Opinion.
Cannell, who completed this final novel just before he passed in 2010, has always seemed in his TV teleplays (The Rockford Files, The Commish, etc.) and in his detective novels (the Shane Scully novels, etc.) to be adapting the hardboiled detective tradition to the changing times. He’s a wonderful, lean plotter with a light touch, an elegant understated way of narrating a story, and a mischievous and enticing humor who early fell in love with the Chandler-Hammett tradition and became a prominent agent of its modern evolution. Cannell has greatly helped make them and it hang around. We should be grateful, for these times, like any others, certainly can use that tradition and its suspenseful devices for the revelation of conspiratorial threats.
First, though, it should be said that nowhere in Cannell will you find any passages near the quality of this one by Raymond Chandler, one of the many to be delighted in on every page of every one of his major novels: here is a place Marlowe approaches for the first time in Farewell, My Lovely:
“1644 West 54th Place was a dried-out brown house with a dried-out brown lawn in front of it. There was a large bare patch around a tough-looking palm tree. On the porch stood one lonely wooden rocker, and the afternoon breeze made the unpruned shoots of last year’s poinsettias tap-tap against the cracked stucco wall. A line of stiff yellowish half-washed clothes jittered on a rusty wire in the side yard.”
You won’t find anything nearly this good in Michael Connelly, either, or in any other detective novelist of today.

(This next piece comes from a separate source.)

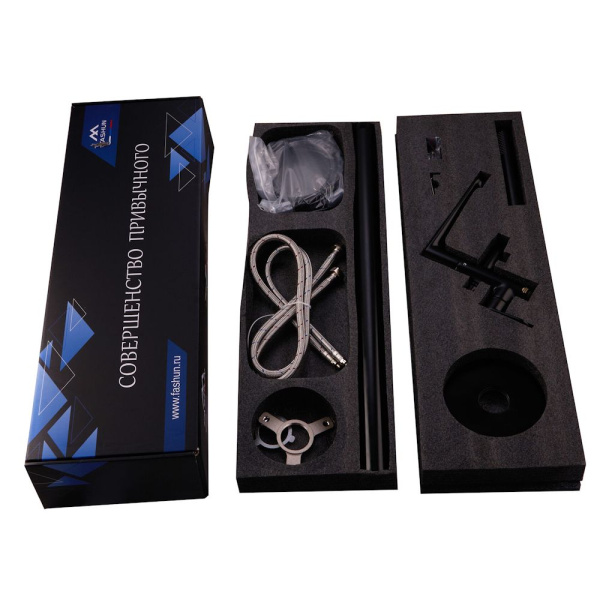 Смеситель для ванны напольный FASHUN A3085-7, чёрный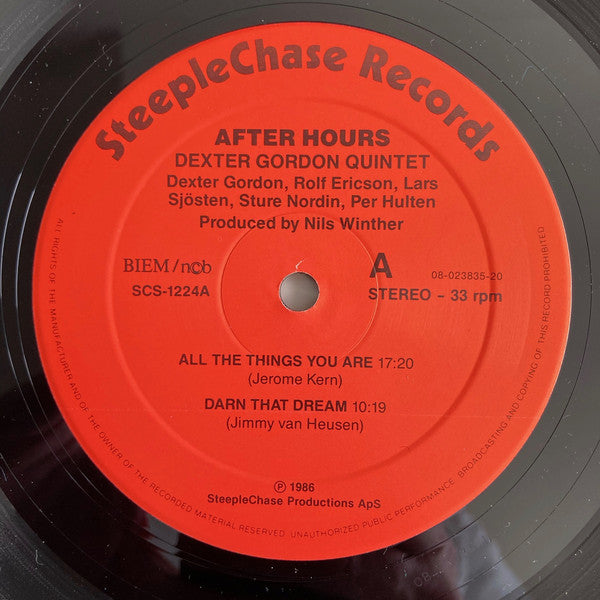 Dexter Gordon Quintet : After Hours (LP, Album)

You’ll be in a tough search to find competitive passages even in Graham Greene’s superbly atmospheric “entertainments” (e.g., The Third Man).
The great movie, Chinatown, screenplay by Robert Towne, dark ending thanks to Roman Polanski refusing to be Hollywood sentimental, together with the inspired performances of John Huston, Jack Nicholson and Faye Dunaway, is just better than anything Cannell or anyone else in the hardboiled/noir tradition since Chandler-Hammett has put together.
But Cannell has his strengths. In Vigilante, his greatest strength, adapting the hardboiled revelatory storytelling about conspiracy to advancing history, is to have his distant cousin of Philip Marlowe, Shane Scully, discover the midnight evil in the plague of TV reality shows, including not only crime stuff–imagine a thoroughly corrupt America’s Most Wanted–but all the way out to Swamp People on the “History” Channel. In short, if Jon Stewart had to remind John Edwards back in ’08 that The Daily Show wouldn’t do for a candidacy announcement because Stewart’s is “a fake news show,” Cannell does Wag the Dog one much better in Vigilante by revealing the corrupt tendencies in “reality TV,” namely, that they are fake reality shows and, more importantly, their popularity is Bad News and creates worse and worse production mendacity, a sort of fraudulent farce. Cannell calls the version here Vigilante TV, hosted by a character, a very smooth bad guy, called Nixon Nash. (Yes, Cannell has read Garry Wills’s Nixon Agonistes, but such funny stealing can’t be all bad, can it? [To judge by his coded allusions and wordplays and inside jokes throughout his teleplays and novels, Cannell may have read almost everything.] Besides, Cannell writes much better than does Wills: Wills Yawn begs literary existence.)
Vigilante is the classic stuff. One Lita Mendez, much worse than a pest to the LAPD owing to her increasingly public attacks on its integrity, is found horribly murdered in her home in a gang-infested area on whose mean streets she had been left unharmed for years, perhaps even admired, in her crusade. Who did it? Why? Since “nothing is as it seems” in the genre, you know to look around. And then look around again. You come upon Vigilante TV. The Swamp People. Well….
Excellent for long plane rides, quiet Saturdays and the like.
Cannell is worth the time, especially in this last of his novels. He’s right up-to-date, even though he can’t do terribly well in describing Lita’s mean streets. What he surely can do, thanks to his years in TV production and scripting, is to bring out the enormous shadow of one of our whales swimming right under us and almost hidden some feet below the glittering surface. Starts out like an optical illusion before the inversion of “reality.”